#### Preparing Audio Files for CNN


For the cnn we want to input a the mel spectrograms of audio files, cropped to the first minute.

Spectrograms are a way to visually represent a signal's loudness, or amplitude, as it varies over time at different frequencies. The horizontal axis is time, the vertical axis is frequency, and the color is amplitude. It is calculated using the fast Fourier transform on short time windows of the signal and transforming the vertical axis (frequency) to log scale and the colored axis (amplitude) to decibals.

Now, what about the "mel" part? Humans are better at detecting differences in lower frequencies than higher frequencies. The mel scale transforms the frequency scale such that sounds at equal distances from each other also sound equal in distance. A mel spectrogram is a spectrogram where the frequencies are converted to the mel scale.


### Toy Example


In [None]:
import warnings
import IPython.display as ipd
import matplotlib.pyplot as plt
import librosa.display
import numpy as np
import pandas as pd
import os
import librosa
import sys
sys.path.append('..')
warnings.filterwarnings('ignore')

In [None]:
audio_directory = "../data/track_downloads/"
example_audio_path = audio_directory + "7ya7Jv4hJ9W0Baz7h9nL7E.wav"
sampling_rate = 22050

### Extracting an Audio Signal

A signal is a variation in a quantity over time. For audio, the quantity that varies is air pressure. We can represent a signal digitally by taking samples of the air pressure over time. We are left with a waveform for the signal. Librosa is a python library that allows us to extract waveforms from audio files along with several other features. This is the primary package that will be used for this project.


In [None]:
# Extracting the wave, "y", and sampling rate, "sr", of the audio file (first sixty seconds)
y, sr = librosa.load(example_audio_path, sr=sampling_rate,
                     mono=True, duration=60)
print(f"sampling rate: {sr}, wave shape: {y.shape}")

In [None]:
# Plotting the wave
plt.plot(y)
plt.title('Signal')
plt.xlabel('Time (samples)')
plt.ylabel('Amplitude')

### Mel Spectrograms

Spectrograms are a way to visually represent a signal's loudness, or amplitude, as it varies over time at different frequencies. The horizontal axis is time, the vertical axis is frequency, and the color is amplitude. It is calculated using the fast Fourier transform on short time windows of the signal and transforming the vertical axis (frequency) to log scale and the colored axis (amplitude) to decibals. Now, what about the "mel" part? Humans are better at detecting differences in lower frequencies than higher frequencies. The mel scale transforms the frequency scale such that sounds at equal distances from each other also sound equal in distance. A mel spectrogram is a spectrogram where the frequencies are converted to the mel scale.

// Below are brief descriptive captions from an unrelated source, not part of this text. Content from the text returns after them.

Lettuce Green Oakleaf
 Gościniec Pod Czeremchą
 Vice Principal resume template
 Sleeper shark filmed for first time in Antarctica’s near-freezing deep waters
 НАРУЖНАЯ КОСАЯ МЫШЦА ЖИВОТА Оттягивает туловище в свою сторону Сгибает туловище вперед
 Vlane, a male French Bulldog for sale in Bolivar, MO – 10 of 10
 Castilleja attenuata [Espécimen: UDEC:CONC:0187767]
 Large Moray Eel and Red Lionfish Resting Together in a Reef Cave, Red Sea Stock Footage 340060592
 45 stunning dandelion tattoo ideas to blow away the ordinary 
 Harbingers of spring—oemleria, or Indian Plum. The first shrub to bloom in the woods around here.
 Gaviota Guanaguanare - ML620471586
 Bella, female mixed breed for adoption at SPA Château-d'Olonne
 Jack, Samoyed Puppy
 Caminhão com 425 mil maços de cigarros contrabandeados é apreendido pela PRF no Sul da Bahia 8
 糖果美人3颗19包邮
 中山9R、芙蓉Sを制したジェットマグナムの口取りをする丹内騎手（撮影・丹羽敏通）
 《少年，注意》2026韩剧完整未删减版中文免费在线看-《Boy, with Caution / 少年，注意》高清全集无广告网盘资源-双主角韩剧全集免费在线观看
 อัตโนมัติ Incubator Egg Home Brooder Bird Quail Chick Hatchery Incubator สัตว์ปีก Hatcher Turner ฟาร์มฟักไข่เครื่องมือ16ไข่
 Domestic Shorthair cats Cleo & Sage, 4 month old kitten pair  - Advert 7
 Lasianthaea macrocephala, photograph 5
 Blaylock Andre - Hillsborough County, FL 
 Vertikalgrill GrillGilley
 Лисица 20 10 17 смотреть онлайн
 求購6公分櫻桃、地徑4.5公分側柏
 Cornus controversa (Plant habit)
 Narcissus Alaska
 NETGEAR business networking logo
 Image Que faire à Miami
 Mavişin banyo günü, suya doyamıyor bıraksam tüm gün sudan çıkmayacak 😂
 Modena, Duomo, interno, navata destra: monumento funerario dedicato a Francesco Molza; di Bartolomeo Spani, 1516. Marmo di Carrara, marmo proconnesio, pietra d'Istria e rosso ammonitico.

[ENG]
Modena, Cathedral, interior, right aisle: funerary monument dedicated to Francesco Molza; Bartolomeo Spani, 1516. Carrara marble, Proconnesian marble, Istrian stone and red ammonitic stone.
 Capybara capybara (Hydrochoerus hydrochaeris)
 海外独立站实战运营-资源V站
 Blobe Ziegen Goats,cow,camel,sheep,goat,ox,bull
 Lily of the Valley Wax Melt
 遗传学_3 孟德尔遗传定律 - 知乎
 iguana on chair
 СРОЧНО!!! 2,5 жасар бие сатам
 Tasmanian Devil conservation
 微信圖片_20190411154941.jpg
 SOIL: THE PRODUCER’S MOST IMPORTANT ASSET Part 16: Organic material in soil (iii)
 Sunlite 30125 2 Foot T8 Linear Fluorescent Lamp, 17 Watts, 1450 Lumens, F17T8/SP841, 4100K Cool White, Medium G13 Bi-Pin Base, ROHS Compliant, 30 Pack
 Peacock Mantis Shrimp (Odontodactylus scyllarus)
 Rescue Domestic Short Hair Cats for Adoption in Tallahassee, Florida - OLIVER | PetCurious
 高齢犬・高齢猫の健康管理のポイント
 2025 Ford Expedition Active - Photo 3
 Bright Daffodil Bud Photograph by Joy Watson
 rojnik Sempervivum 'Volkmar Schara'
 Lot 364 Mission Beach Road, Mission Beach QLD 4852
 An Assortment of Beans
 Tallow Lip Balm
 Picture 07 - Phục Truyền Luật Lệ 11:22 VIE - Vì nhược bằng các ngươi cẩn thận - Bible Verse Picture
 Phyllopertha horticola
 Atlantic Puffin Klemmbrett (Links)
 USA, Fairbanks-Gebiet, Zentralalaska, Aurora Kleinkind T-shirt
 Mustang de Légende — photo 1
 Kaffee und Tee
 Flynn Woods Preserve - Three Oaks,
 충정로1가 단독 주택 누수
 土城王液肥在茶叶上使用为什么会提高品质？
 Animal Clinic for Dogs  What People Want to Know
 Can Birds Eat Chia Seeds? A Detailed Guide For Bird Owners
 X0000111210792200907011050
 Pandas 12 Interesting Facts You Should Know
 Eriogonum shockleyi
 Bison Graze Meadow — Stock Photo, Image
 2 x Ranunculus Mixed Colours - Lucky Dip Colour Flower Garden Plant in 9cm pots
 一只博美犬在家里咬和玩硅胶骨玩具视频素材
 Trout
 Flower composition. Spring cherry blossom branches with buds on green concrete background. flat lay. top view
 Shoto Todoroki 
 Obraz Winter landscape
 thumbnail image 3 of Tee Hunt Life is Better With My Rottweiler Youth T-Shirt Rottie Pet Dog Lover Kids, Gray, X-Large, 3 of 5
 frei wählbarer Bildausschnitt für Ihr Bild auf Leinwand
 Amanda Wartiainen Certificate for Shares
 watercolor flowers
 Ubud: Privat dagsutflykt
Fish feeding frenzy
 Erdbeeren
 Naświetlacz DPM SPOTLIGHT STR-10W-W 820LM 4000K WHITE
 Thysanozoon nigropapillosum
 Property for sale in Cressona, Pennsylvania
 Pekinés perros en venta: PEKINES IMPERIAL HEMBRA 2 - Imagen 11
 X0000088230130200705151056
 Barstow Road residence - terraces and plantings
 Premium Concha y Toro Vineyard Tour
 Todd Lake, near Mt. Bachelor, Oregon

This is what will be the input to the cnn!


In [None]:
# Computing the spectrogram
spec = np.abs(librosa.stft(y, hop_length=512))
spec = librosa.amplitude_to_db(spec, ref=np.max)  # converting to decibals

# Plotting the spectrogram
plt.figure(figsize=(8, 5))
librosa.display.specshow(spec, sr=sr, x_axis='time', y_axis='log')
plt.colorbar(format='%+2.0f dB')
plt.title('Spectrogram')

### Function to Read and Extract Mel Spectrograms from Audio Files

Checking the Size of the Mel Spectrograms
In order to feed the mel spectrogram data into a neural network, they must all be the same size, so I check that here.


In [None]:
from tqdm import tqdm

# Creating an empty list to store sizes in
sizes = []

# Looping through each audio file
for file in tqdm(os.scandir(audio_directory), total=len(os.listdir(audio_directory))):

    # Loading in the audio file
    # print(f"Loading file: {file.path}")
    y, sr = librosa.load(file.path, sr=sampling_rate, mono=True, duration=60)

    # Computing the mel spectrograms
    spect = librosa.feature.melspectrogram(
        y=y, sr=sr, n_fft=2048, hop_length=1024)
    spect = librosa.power_to_db(spect, ref=np.max)

    # Adding the size to the list
    sizes.append(spect.shape)

    # print(f'size: {spect.shape}')a

In [None]:
# Checking if all sizes are the same
print(
    f'The sizes of all the mel spectrograms in our data set are equal: {len(set(sizes)) == 1}')

# Checking the max size
print(f'Sizes: {set(sizes)}')

In [None]:
def make_mel_spectrogram_df(directory):
    '''
    This function takes in a directory of audio files in .wav format, computes the
    mel spectrogram for each audio file, reshapes them so that they are all the 
    same size, flattens them, and stores them in a dataframe.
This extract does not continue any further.